↓↓↓

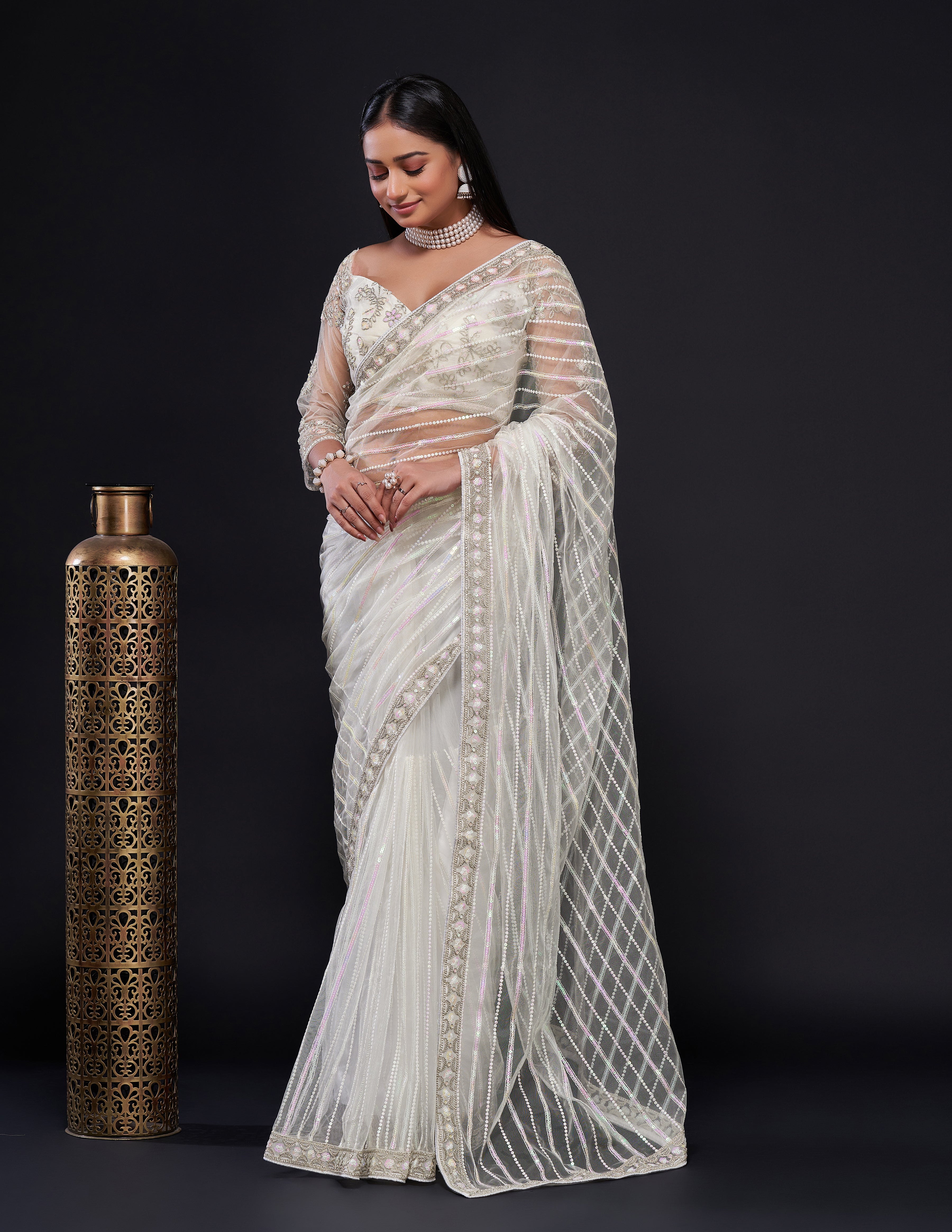 White Net saree with rainbow sequence, thread & dori work - qivii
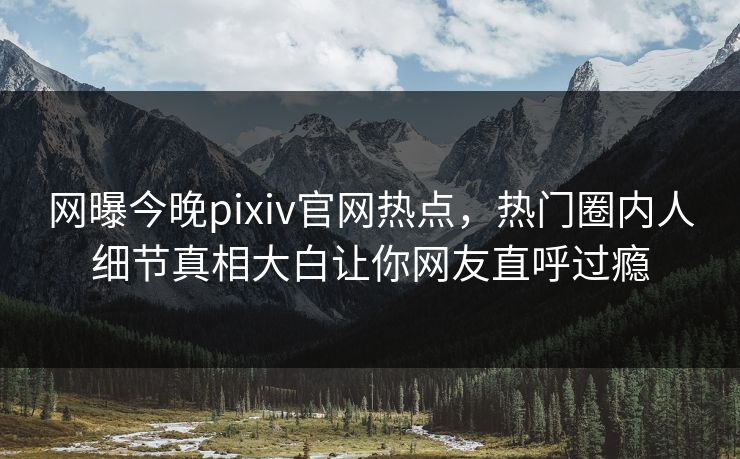 网曝今晚pixiv官网热点，热门圈内人细节真相大白让你网友直呼过瘾
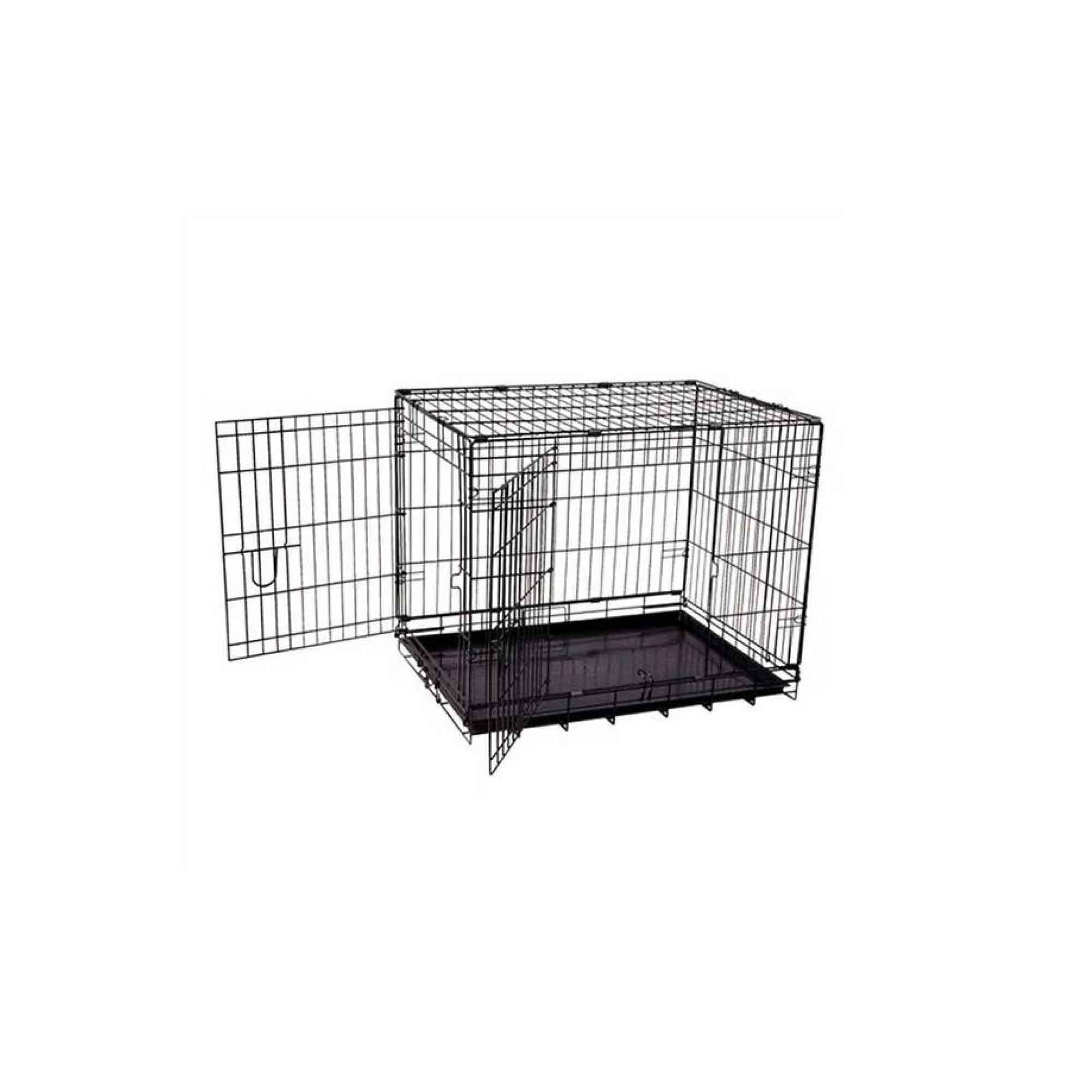 Pawise Dog Wire Crate in black, designed for small breeds, showcasing its sturdy construction and double door access.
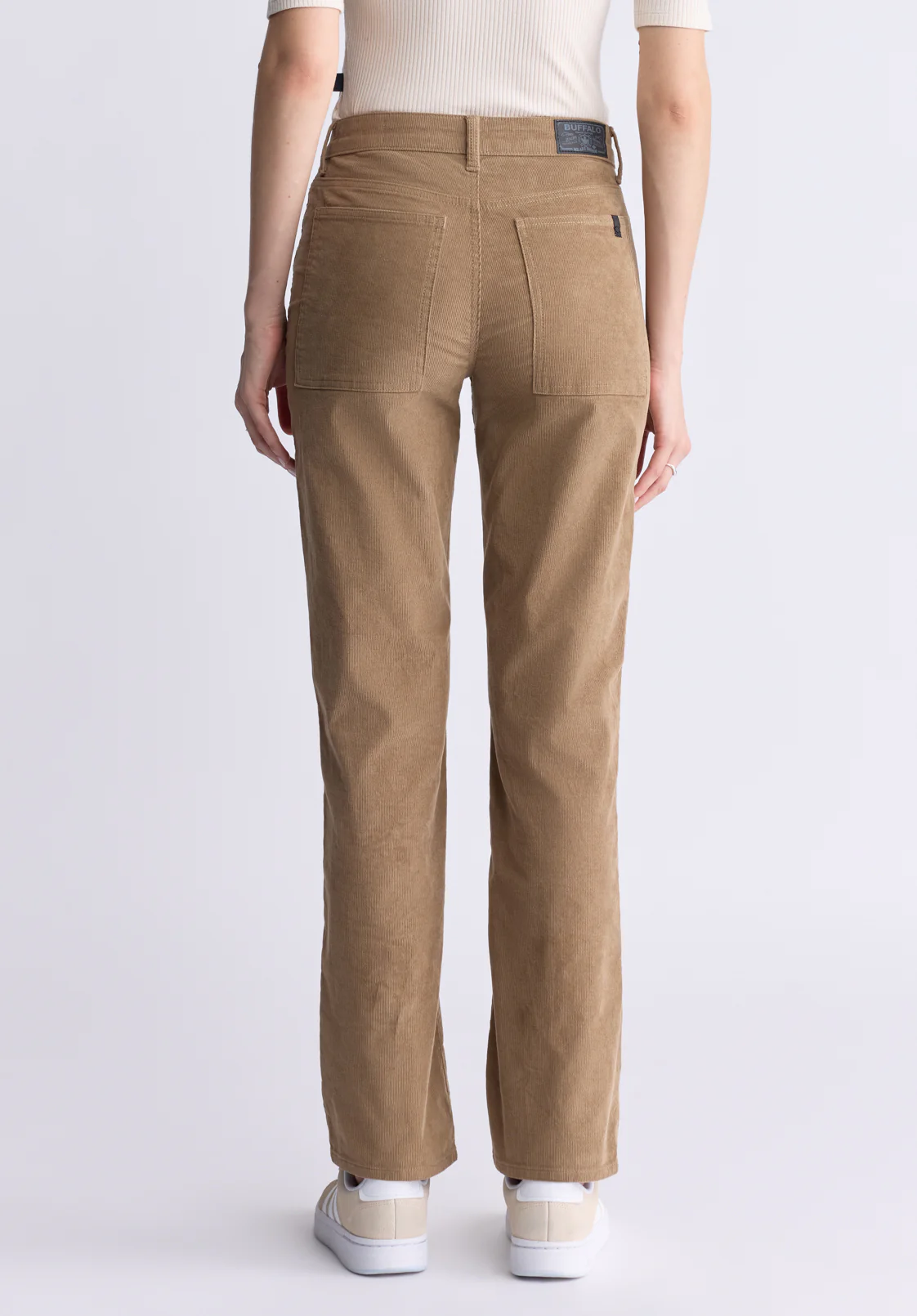 Mid Rise Straight Mary Women's Pants, Rinse Washed Beige - BL16007 - Image 3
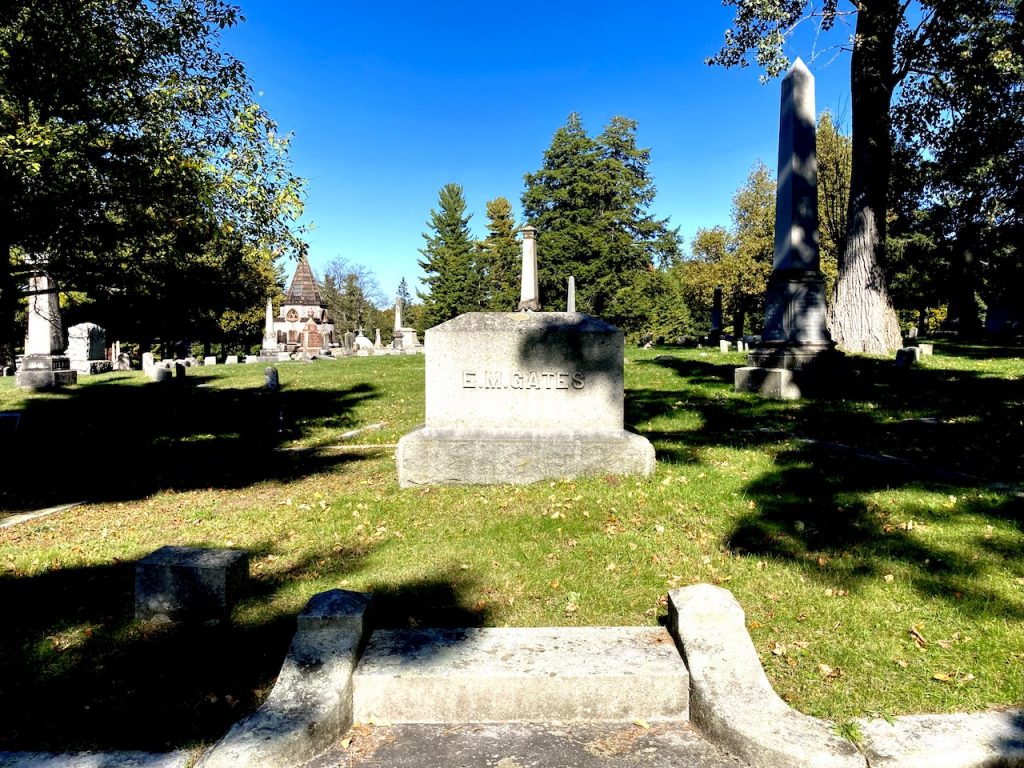 E. M. Gates grave at Brookside Cemetery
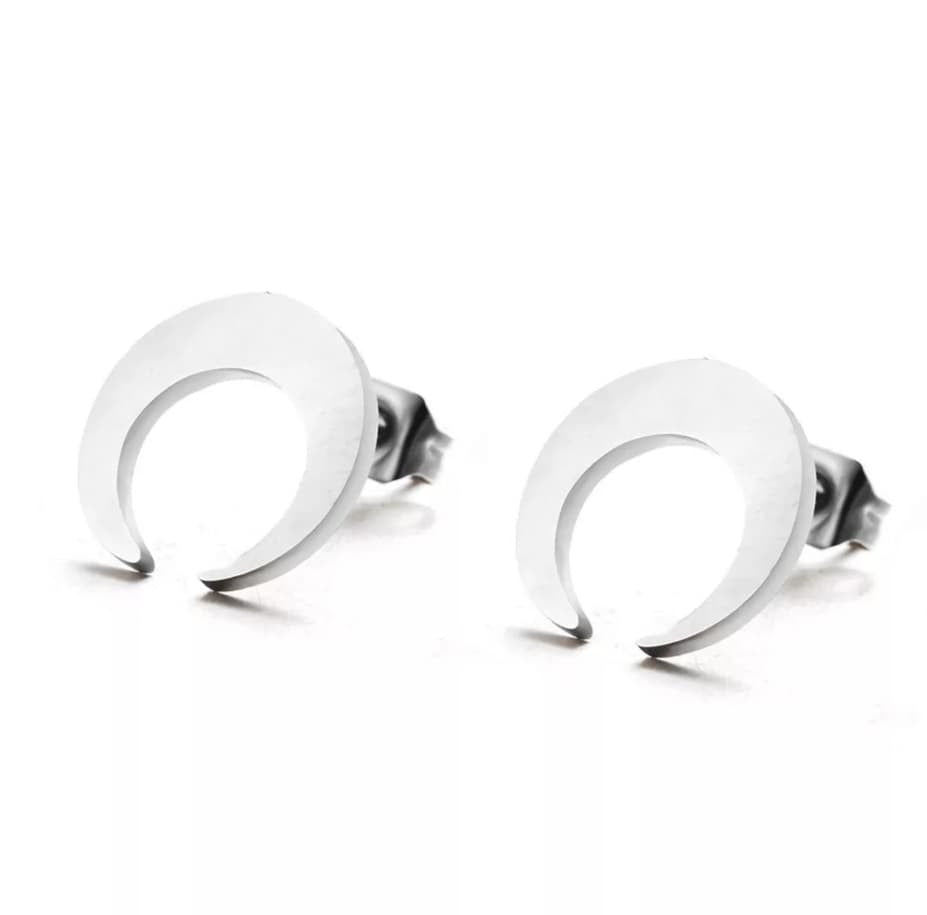 Stainless Steel Stud Earrings - Moons
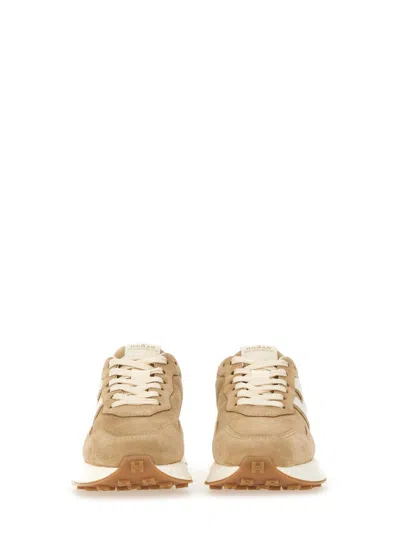 Hogan Low Top Sneakers With Rubber Sole And Suede Upper In Neutral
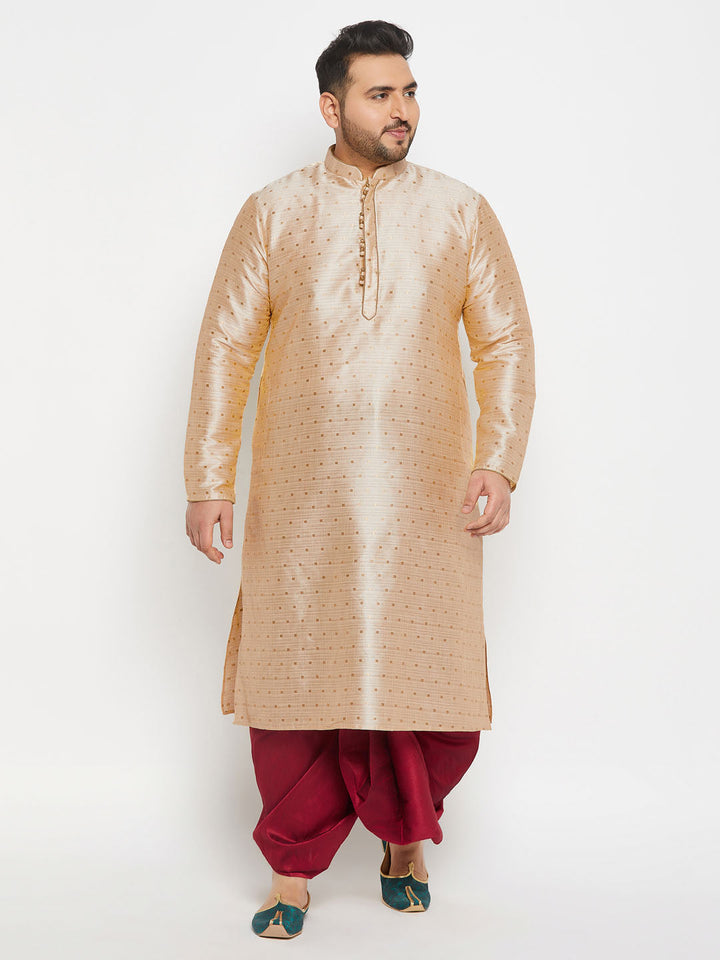 Men's Plus Size Gold Zari Weaved Kurta Dhoti Set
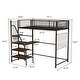 preview thumbnail 4 of 15, Twin Size Metal Loft Bed with Desk Charging Station LED Lighting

↑↑↑

[Work item] For this exercise, the lines from the one containing "Pawise Dog Wire" through the last line of the entries above are to be output exactly, both included, and pictures are skipped.

[Written solution]
 Pawise Dog Wire Crate in black, designed for small breeds, showcasing its sturdy construction and double door access.
 Mid Rise Straight Mary Women's Pants, Rinse Washed Beige - BL16007 - Image 3
 E. M. Gates grave at Brookside Cemetery
 Stainless Steel Stud Earrings - Moons
 Hogan Low Top Sneakers With Rubber Sole And Suede Upper In Neutral
 Men's Plus Size Gold Zari Weaved Kurta Dhoti Set
 preview thumbnail 4 of 15, Twin Size Metal Loft Bed with Desk Charging Station LED Lighting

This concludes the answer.